> _Provided entries_:
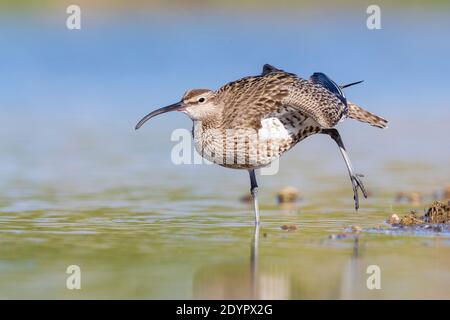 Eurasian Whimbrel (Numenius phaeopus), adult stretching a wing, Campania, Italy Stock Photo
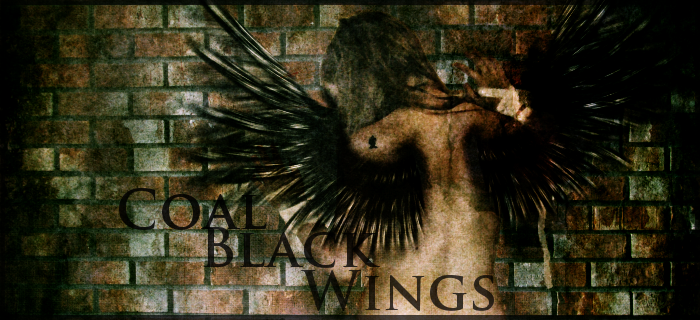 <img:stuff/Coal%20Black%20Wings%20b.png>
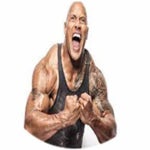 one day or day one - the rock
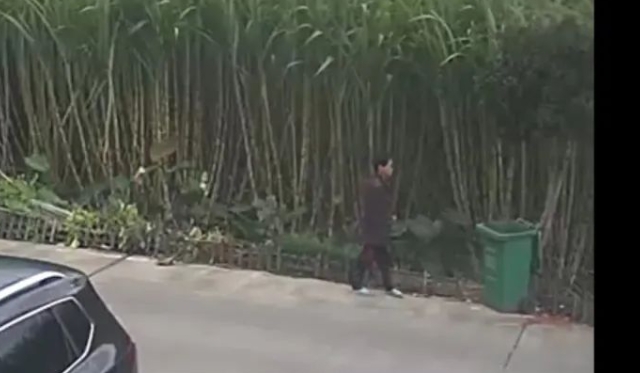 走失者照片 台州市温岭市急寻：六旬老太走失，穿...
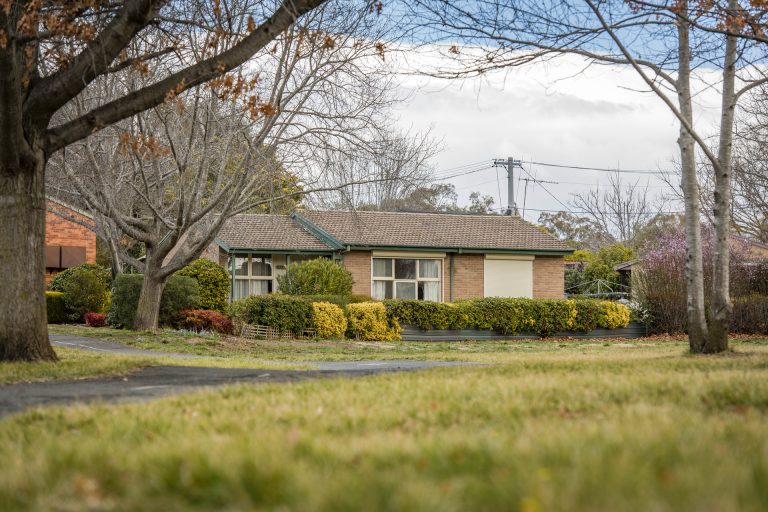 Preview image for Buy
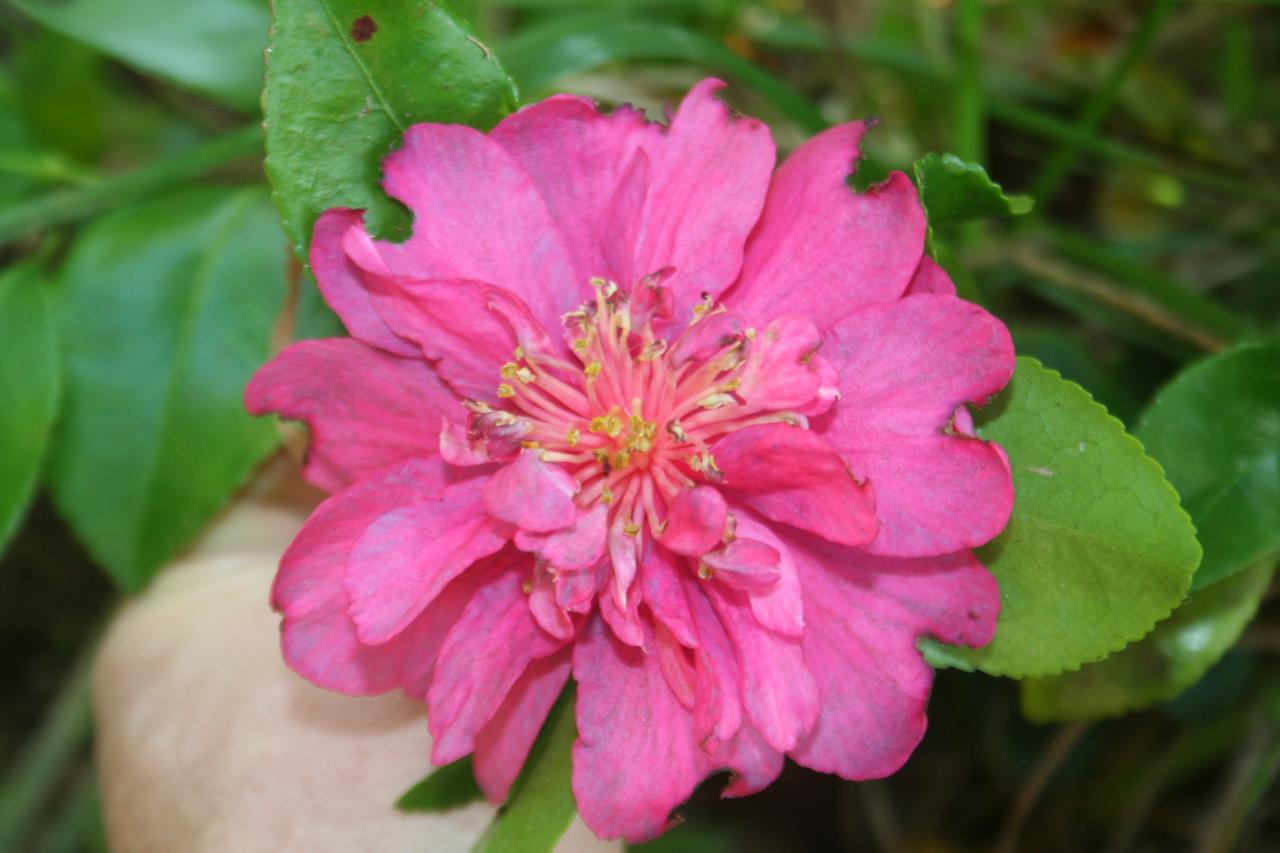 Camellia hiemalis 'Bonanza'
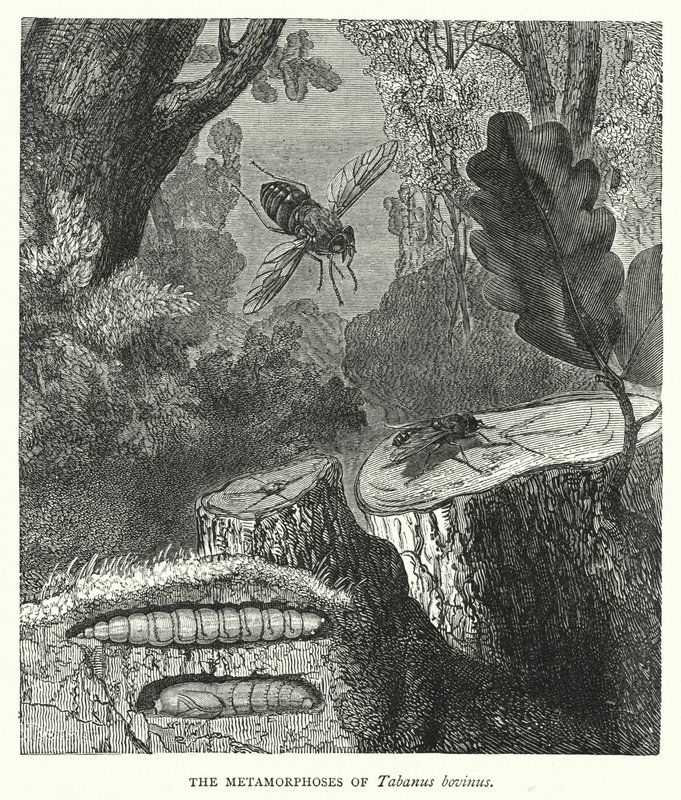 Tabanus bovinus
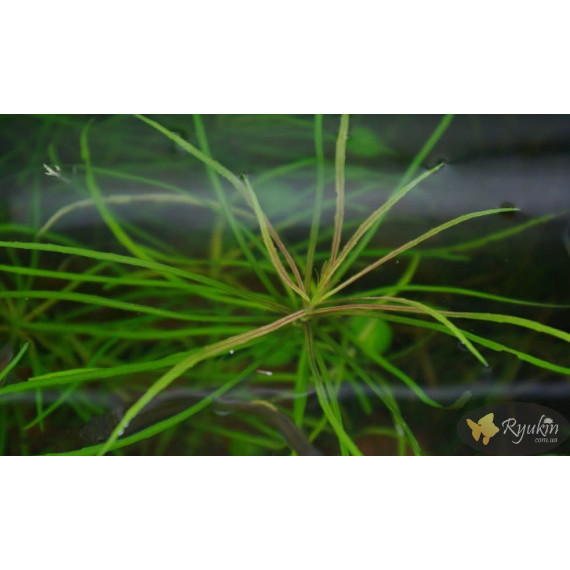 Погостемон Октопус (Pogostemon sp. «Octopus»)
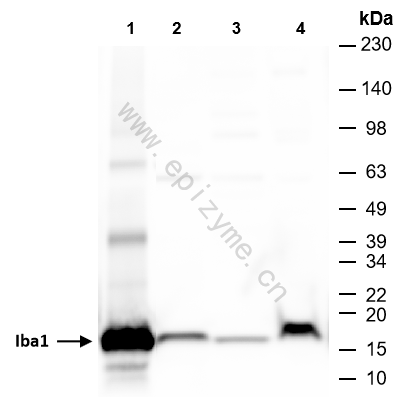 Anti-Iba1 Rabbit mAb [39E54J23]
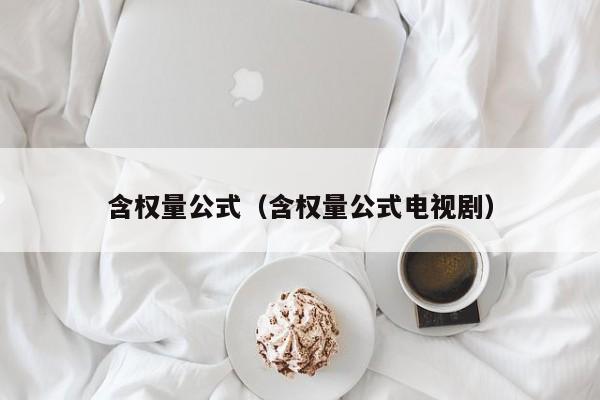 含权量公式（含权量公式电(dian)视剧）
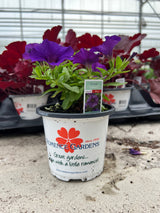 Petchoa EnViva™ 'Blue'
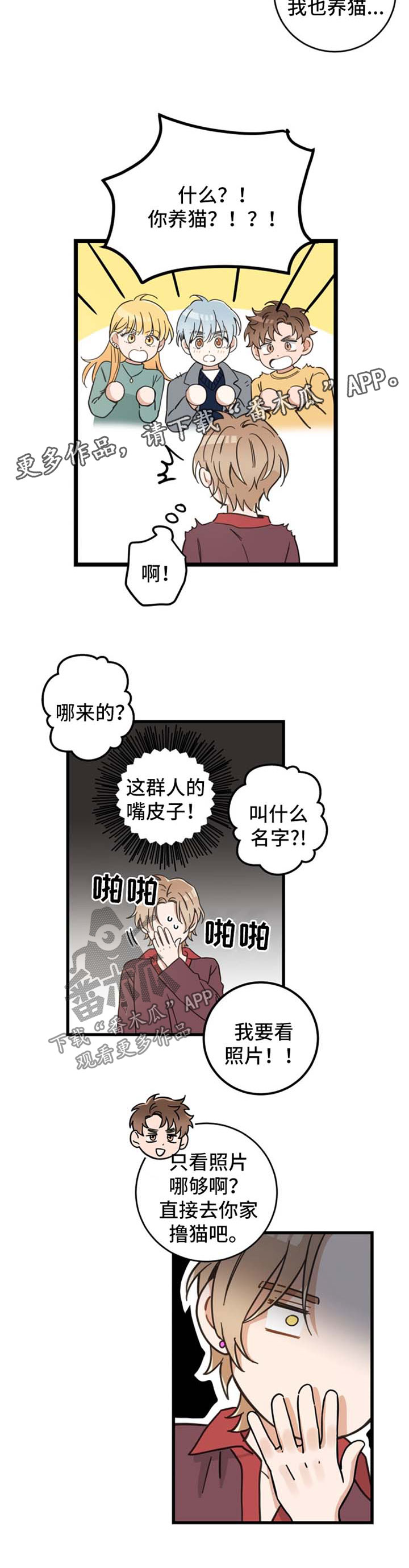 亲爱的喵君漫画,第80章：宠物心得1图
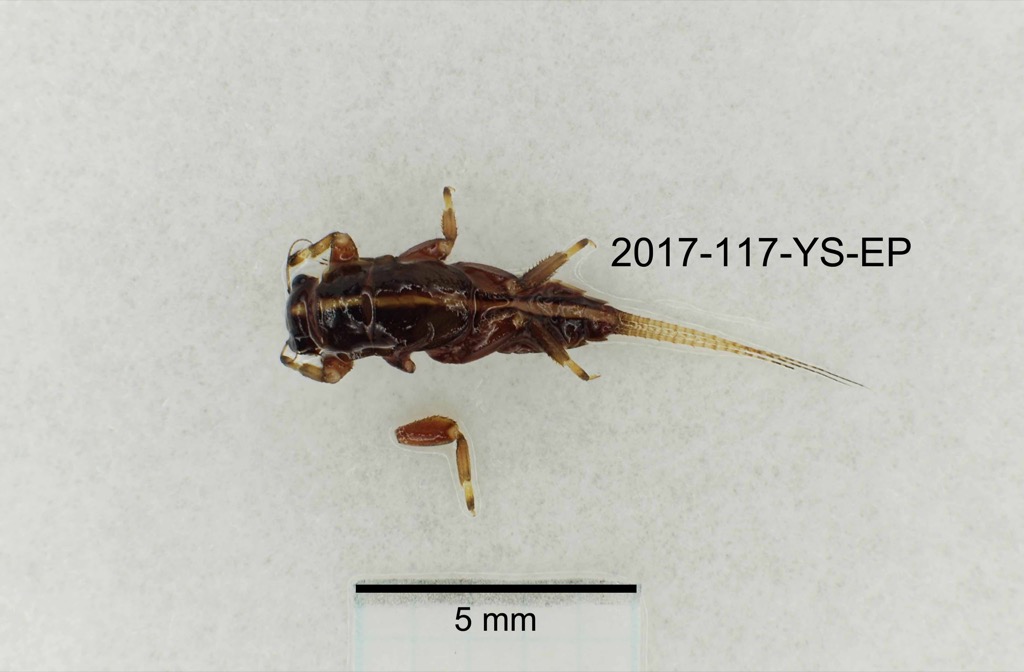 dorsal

> _What you have to do_:
Wherever an image appears, omit it, and retype everything else in the entries exactly.

> _Reply_:
 Eurasian Whimbrel (Numenius phaeopus), adult stretching a wing, Campania, Italy Stock Photo
 <img:stuff/Coal%20Black%20Wings%20b.png>
 one day or day one - the rock
 走失者照片 台州市温岭市急寻：六旬老太走失，穿...
 Preview image for Buy
 Camellia hiemalis 'Bonanza'
 Tabanus bovinus
 Погостемон Октопус (Pogostemon sp. «Octopus»)
 Anti-Iba1 Rabbit mAb [39E54J23]
 含权量公式（含权量公式电(dian)视剧）
 Petchoa EnViva™ 'Blue'
 亲爱的喵君漫画,第80章：宠物心得1图
 dorsal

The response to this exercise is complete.